Tuesday, 30 August 2016

Random String Python Text Classifier Example

In this post I'm going to explain how to write a simple NaiveBayes text classifier in Python and provide some example code.

Machine Learning!? Awesome!!1!

My original goal was to tell the difference between regular dictionary words and random strings. I looked at using manual ngram frequency analysis and this partially worked but I wanted to try out an ML solution for comparison.

I don't have much ML experience but it was easy to build a working script using the scikit library. This library abstracts away much of the mathematical complexity and offers a quick and high level way to implement ML concepts. In just a few lines of python I was able to build a classifier with 93% accuracy.
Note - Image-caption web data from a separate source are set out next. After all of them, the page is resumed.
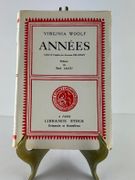 Image de livre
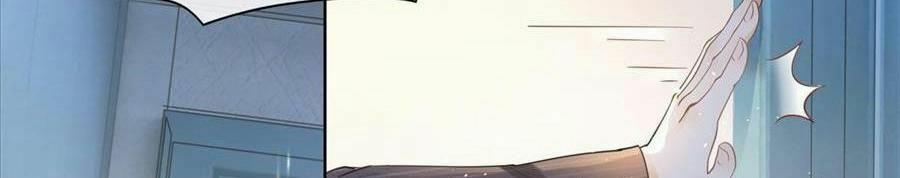 Boss Sát Thủ Dưỡng Hồ Yêu 22 trang 36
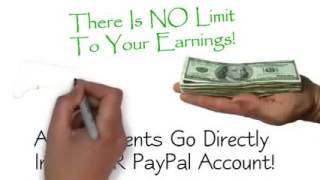 Email Processing System EPS Presentation Scam Or Real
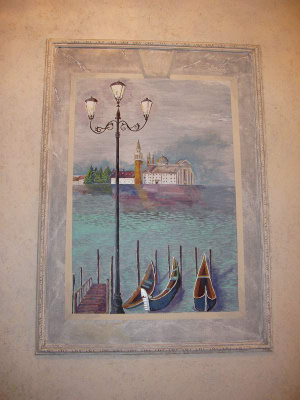 murals-027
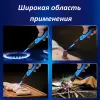 Honest BCZ783-1 газовая турбо горелка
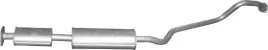 tlumik-tyl-nissan-almera-1-5-01-15-17al-plo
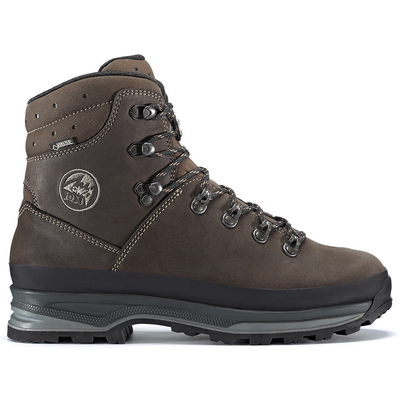 Lowa - Ranger III GTX WXL Men's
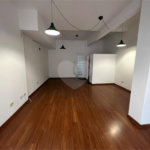 Apartamento à venda em Perdizes, São Paulo, SP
It's worth mentioning I did not use the "bag of words" approach as I was looking at analysing the structure of individual words as opposed to sentences. Changing the CountVectorizer parameters you could look at sentences or groups of words.

Building a Classifier

Building a classifier is quite simple, you just need to collect your data, format it, vectorize it, then train your model. In my script below I pretty much follow that process. First up I read in some data using pandas. I have two csv data sets, one file has normal dictionary words, the other random words. Each row contains the type, 0 or 1 (normal or random), and then the data which is just a word. For example:

normal.csv random.csv
0,apple 1,fdsgsdgfdg
0,banana 1,plicawq
0,orange               1,mncdlppl

In each file I used the first 5000 words for training and the last 5000 for testing. To vectorize the words I used the CountVectorizer with the ngram function, this breaks the words up based on their ngrams and converts them to numbers.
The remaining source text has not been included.